I used to do a lot of samples too, but I never found that they brought me any sales at all. I think people appreciate them becaue they were free. Now, when someone buys a single bar of soap to try, they will often come back buy many, many more...for themselves, friends, etc.


----------



## a4patch (Oct 7, 2009)

At the market, samples sell a lot of soap for us. I have people come back every week to buy soap from samples. I hand out about 150 (more or less) each week and our market gets about 1000 people. (most are regulars and I do not give them samples) Our samples are 0.1 of an oz and sometimes I give them two pieces! They walk around with it in their hand. I watch them smell it. I do not hand out any dark soap samples because they look like fudge.

I think it makes them feel compelled to listen to my speech. Sometimes folks will say No Thanks, but not very often.

Are sales are MUCH less when we do not hand out samples.


----------



## a4patch (Oct 7, 2009)

oh, our samples are from the ends of our logs. (I line our molds with plastic, so the ends have ugly wrinkles)

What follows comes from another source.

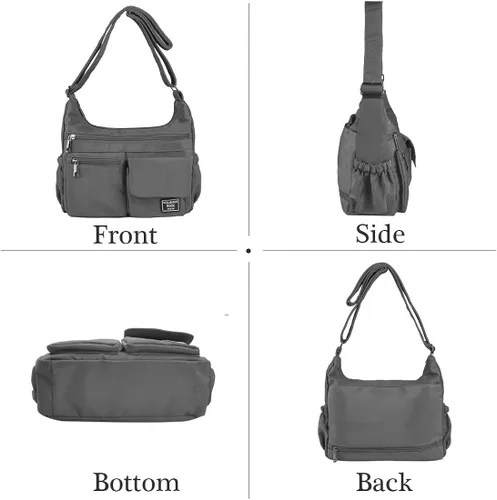 Vista 4 de VOLGANIK ROCK Bolsos cruzados para mujer bolso de hombro de viaje RFID impermeable bolso de mensajero casual de nailon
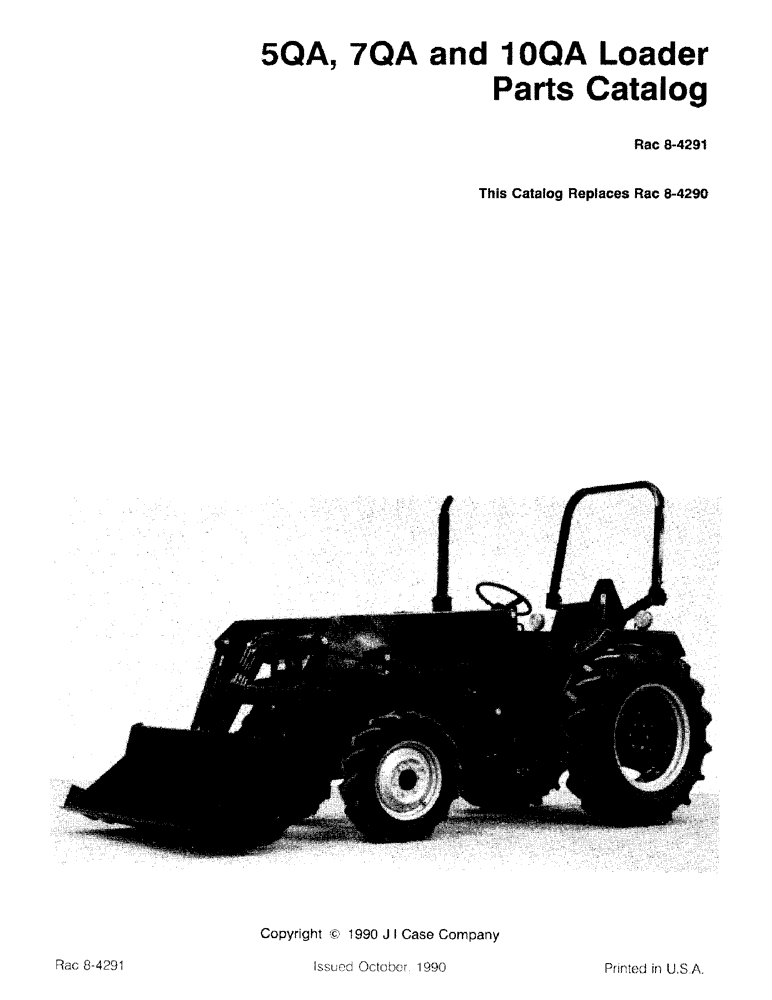 Схема запчастей Case IH 10QA - (1-01) - 5QA, 7QA AND 10QA LOADER PARTS CATALOG (00) - PICTORIAL INDEX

We cut down underweight bars to a pretty square to sell as a "gift soap" and the end piece (from turning it from a rectangle into a square) from that gift soap are cut into small pieces for samples. So, our samples are not soaps that had potential to make me money (unless i shredded them and rebatched some how.


----------



## [email protected] (Sep 18, 2008)

I've been doing TONS of samples. :/
I do round soaps (3") and when I do a batch, the bottom of the bucket gets poured into a 1" pvc and cut into 1/2 inch, .5oz mini bars (I usually get 15-20 out of a double WM batch). These are put into small poly bags with the appropriate soap label stapled to it. They get handed out when I go out looking for wholesale accounts.
At FM and shows, I just chunk up some of my 'ugly' soap and put in the poly bags with a business card stapled to it. I figure my whole line of soaps is on the table for them to see what the 'actual' product looks like. I also keep them 'behind' the table and only hand them out to 'hesitant' buyers or add them to a purchase.
Today I am mailing out brochures along with a small round sample to area B&Bs.


----------